A GREAT experience; grateful for that. Derry manager Mickey Harte understandably hailed this as “a great day for Gaelic games” – but those opening words came from his Dublin counterpart Dessie Farrell.

The Blues boss wasn’t just spouting positive thinking platitudes, acknowledging that he and his players were desperate to win this final, as illustrated by the fighting spirit they showed in every sense:

“We came here today to win the game, we didn’t do that so naturally, there will be disappointment and a sour taste in the mouth.”

However, despite Derry deservedly seeing them off in the penalty shoot-out, having been pegged back late in normal time then by a last-gasp goal in extra time, Farrell insisted that the All-Ireland champions derived benefits from this loss:

“On the flipside of it, a great experience for players to encounter what they did today. The whole of extra-time, the penalties, even taking a step up in terms of the opposition we are playing today.

“There had been a bit of shadow boxing going on in the league. We had beaten teams who had been very depleted in terms of player who were available to them, or resting players, dead rubbers, whatever it might be.

“We spoke about it during the week, that the narrative that had developed externally around the team, we knew it was not a true reflection of what was going on and that today was going to be a proper examination.
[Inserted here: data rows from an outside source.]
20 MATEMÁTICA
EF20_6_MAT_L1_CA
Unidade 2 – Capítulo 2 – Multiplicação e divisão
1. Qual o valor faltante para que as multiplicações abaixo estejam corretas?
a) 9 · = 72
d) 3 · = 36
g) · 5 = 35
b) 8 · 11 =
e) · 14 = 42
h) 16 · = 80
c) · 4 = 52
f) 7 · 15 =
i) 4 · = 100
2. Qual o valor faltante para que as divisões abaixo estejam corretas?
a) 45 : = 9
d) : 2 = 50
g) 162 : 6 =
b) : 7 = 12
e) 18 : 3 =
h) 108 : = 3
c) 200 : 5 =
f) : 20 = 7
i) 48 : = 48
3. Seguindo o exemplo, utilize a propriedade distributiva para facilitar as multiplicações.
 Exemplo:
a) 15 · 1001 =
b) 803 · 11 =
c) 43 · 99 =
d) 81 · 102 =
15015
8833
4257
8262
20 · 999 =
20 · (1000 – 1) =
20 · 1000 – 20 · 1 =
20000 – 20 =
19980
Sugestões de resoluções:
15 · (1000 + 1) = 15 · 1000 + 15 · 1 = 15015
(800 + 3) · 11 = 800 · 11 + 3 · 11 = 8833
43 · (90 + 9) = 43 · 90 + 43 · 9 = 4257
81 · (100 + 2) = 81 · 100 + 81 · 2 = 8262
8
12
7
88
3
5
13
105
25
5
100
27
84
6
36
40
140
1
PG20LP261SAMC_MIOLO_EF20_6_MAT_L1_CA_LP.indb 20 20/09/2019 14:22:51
“It was that. And there’s a lot for us to take from today and we would be grateful for that because you can’t conjure that up in internal games or challenge matches. We will pick that apart and hopefully come back a bit stronger for it.”

Dublin boss Dessie Farrell
Dublin’s Dessie Farrell during the Allianz GAA Football league Division One final at Croke Park, Dublin. Picture Mark Marlow

One other obvious downside was the late dismissal of star midfielder Brian Fenton, for reacting to a dig to his ribs from Derry sub Eunan Mulholland.

As it stands, the Raheny man will miss the Leinster opener against Meath or Longford, but Farrell said Dublin “definitely will” contest that red card, explaining:

“I sort of half saw it. I would need to look at the video to be honest to see what went on. It would not be in Brian’s character. I saw him pushing a player; now that could be a sending off, I don’t know but anyway I am sure that the powers that be and our own county board will take a look at that and see what happens.”

Fenton could not participate in the penalty shoot-out, but Farrell was glad of it, despite the outcome:

“There is a bit of a lottery going on with penalties but it was a good experience for us today to be in it. There is nothing like the immersive experience: you can plan for things and theorise about things that you may see in the future but until you actually go through it, the learning is not the same.”

Being second best in the game itself will be Dublin’s main focus of review, even though their players almost saved themselves:

“Yeah, the lads showed great character because we were flat at times today, for whatever reason. That energy and drive wasn’t there that we would have hoped.

“It looked at stages that Derry could pull away but we were able to hang on in there and the lads showed great character…

“But we would be disappointed with goal chances coughed up, kickouts conceded today. There’s loads to work on and we knew that to be fair – that that was the case and it’s great to actually see it, front and centre there today.

“We can take this game, look at the performance and really analyse it that we can learn a lot from it.”